When the songwriter completed his set, the hosts and audience applauded enthusiastically for Skip Ewing, one of Nashville’s most prolific and most successful writers.
I had already been writing some songs and performing locally. Anytime I sang someplace, Bea always went along with me and sat in the front row. Funny, though, she hardly paid attention to my singing. She’d just sit in the front row and read her Bible throughout my performance.
THE FIRST TIME I PERFORMED WITHOUT SOUND TRACKS IN front of an audience was a disaster. My friend Lloyd Kelso married Debra Burns, an aspiring country singer. Debra enjoyed some success with a song called “Runaway Heart,” so Lloyd’s parents scheduled a concert in their backyard, and I asked him if I could sing a few songs to warm up the audience before Debra started. I usually sang using karaoke tapes for background music, but this was the first time I attempted to play my guitar and sing at the same time. I was horrible. I don’t mean that I wasn’t good. I mean I was absolutely awful! The audience was kind, but by the second song, Lloyd stood up and waved his arms and yelled to me, “Stop!”
“What?”
“That’s enough.” I felt as though someone had just reached out a long hook and pulled me off the stage.

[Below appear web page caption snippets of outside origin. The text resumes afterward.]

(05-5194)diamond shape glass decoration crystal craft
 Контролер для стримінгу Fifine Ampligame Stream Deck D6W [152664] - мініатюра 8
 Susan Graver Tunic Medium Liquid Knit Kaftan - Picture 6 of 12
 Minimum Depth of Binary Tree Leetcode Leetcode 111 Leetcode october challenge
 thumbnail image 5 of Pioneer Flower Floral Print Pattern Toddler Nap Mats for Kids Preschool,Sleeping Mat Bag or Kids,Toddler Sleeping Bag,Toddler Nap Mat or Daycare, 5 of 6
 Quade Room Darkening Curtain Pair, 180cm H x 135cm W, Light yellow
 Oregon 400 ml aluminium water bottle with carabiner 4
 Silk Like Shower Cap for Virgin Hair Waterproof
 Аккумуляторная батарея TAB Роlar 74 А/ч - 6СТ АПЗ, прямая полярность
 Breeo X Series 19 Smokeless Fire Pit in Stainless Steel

I didn’t learn my lesson, and a short time after that, I tried to do another performance without my karaoke background tapes. This time I attempted to perform “My Only Friend,” the song I had written about my friend’s mom, with Bea in mind.
I sat on stage at Highland Junior High and started noodling through it, but I couldn’t do it. I tried several times but couldn’t get my fingers and mouth to work together at the same time.
“Close the curtain,” I said disgustedly.
“Come on, Jimmy!” people in the crowd called out. “Sing!” They had heard me sing at various functions around the area but always with backup music, never to my own accompaniment.
“I can’t,” I whined.
“Yes, you can. Come on, sing for us.”
I muddled through the song, but it was terribly embarrassing, especially with my friends in the crowd and with Bea sitting on the front row.
I was so discouraged about my guitar playing that I almost gave it up. I enjoyed singing to the background tapes. Who needs a guitar, anyhow?
I did. Nashville is a guitar town. I knew if I were ever going to make it as a singer, I needed to be able to play guitar. I kept practicing, working harder to learn the guitar; I wanted to play so badly. When I first started playing, I practiced in the bathroom, sitting on the bathtub, facing the wall. I turned out the lights so I couldn’t see my hands. Slowly but surely I got better and didn’t have to stare at the strings as I played. So I am living proof that singing in the shower might help.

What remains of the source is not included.